▶ [TRY IT]: Repeat the lines from the one containing "Crystal Black Pearl" through the last line of the data, exactly, pictures omitted.
BEGIN SUPPLIED MATERIAL
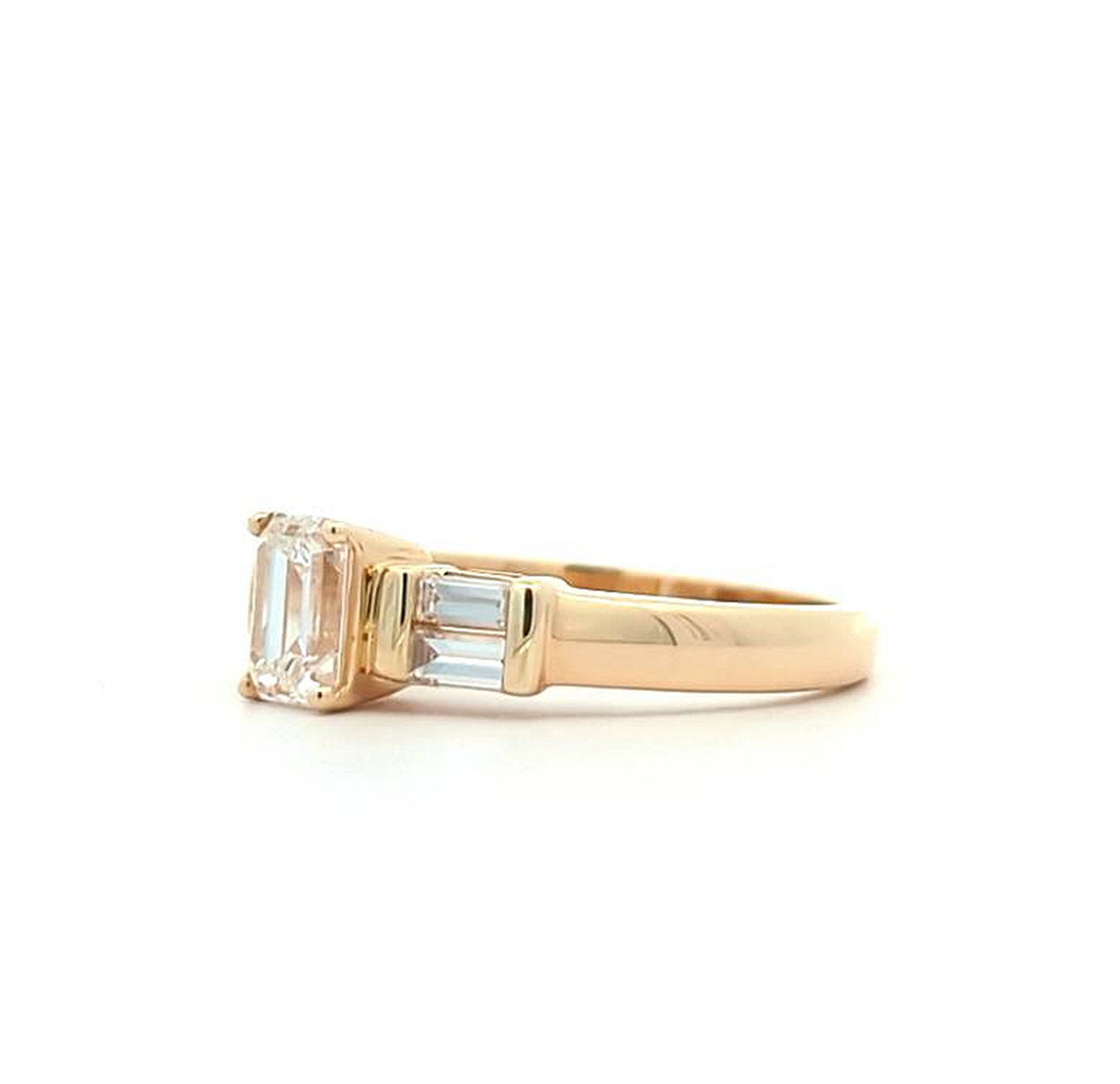 18KT Yellow Gold 0.96ctw Diamond Estate Engagement Ring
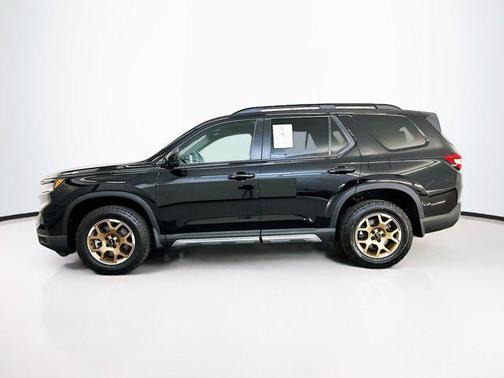 Crystal Black Pearl 2024 Honda Pilot TrailSport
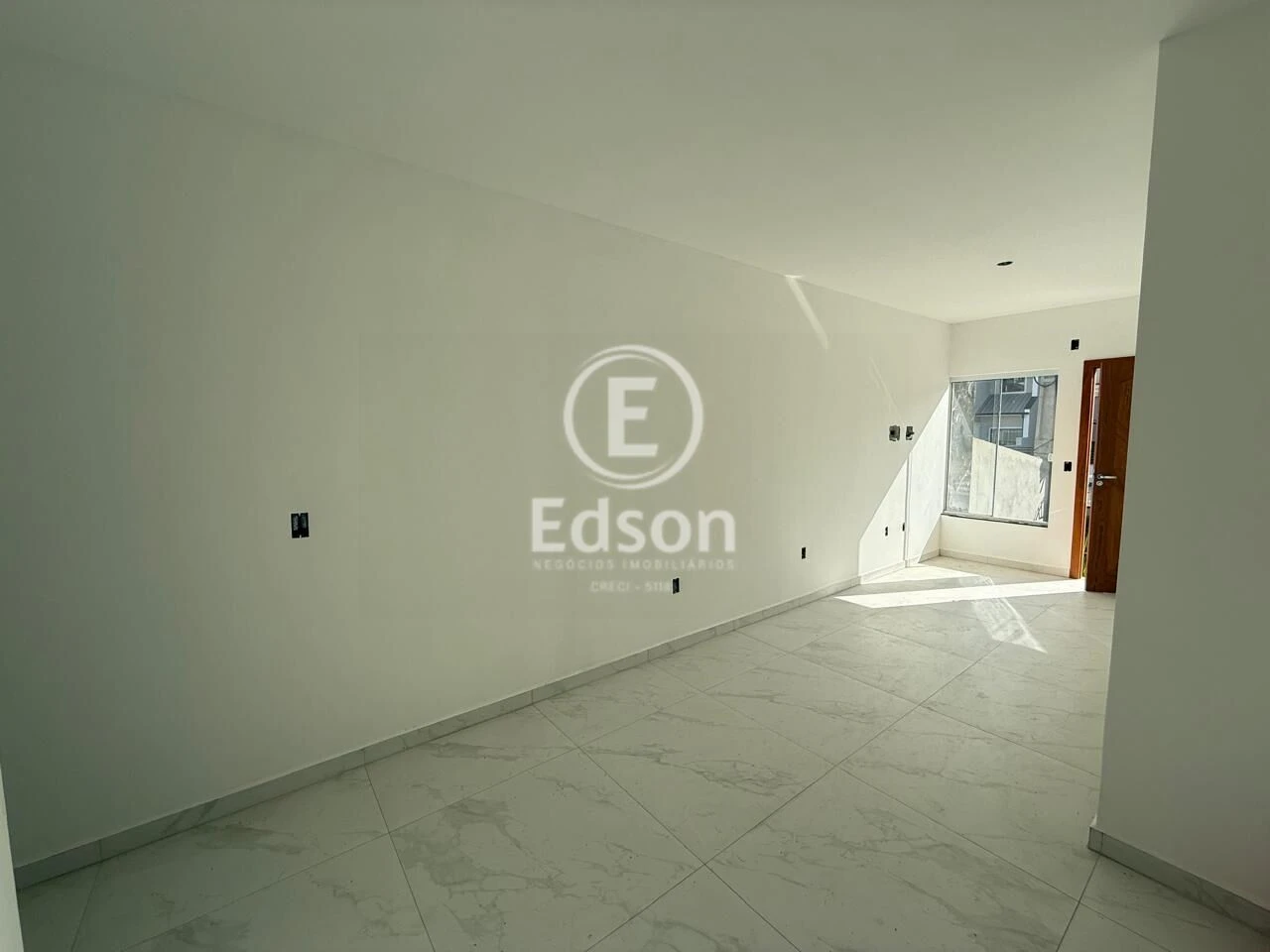 Casa Geminada em Potecas, São José. 2 quartos, 62m². Imagem 3 de 10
END SUPPLIED MATERIAL
▶ [REPLY TO THE TASK]:
 Crystal Black Pearl 2024 Honda Pilot TrailSport
 Casa Geminada em Potecas, São José. 2 quartos, 62m². Imagem 3 de 10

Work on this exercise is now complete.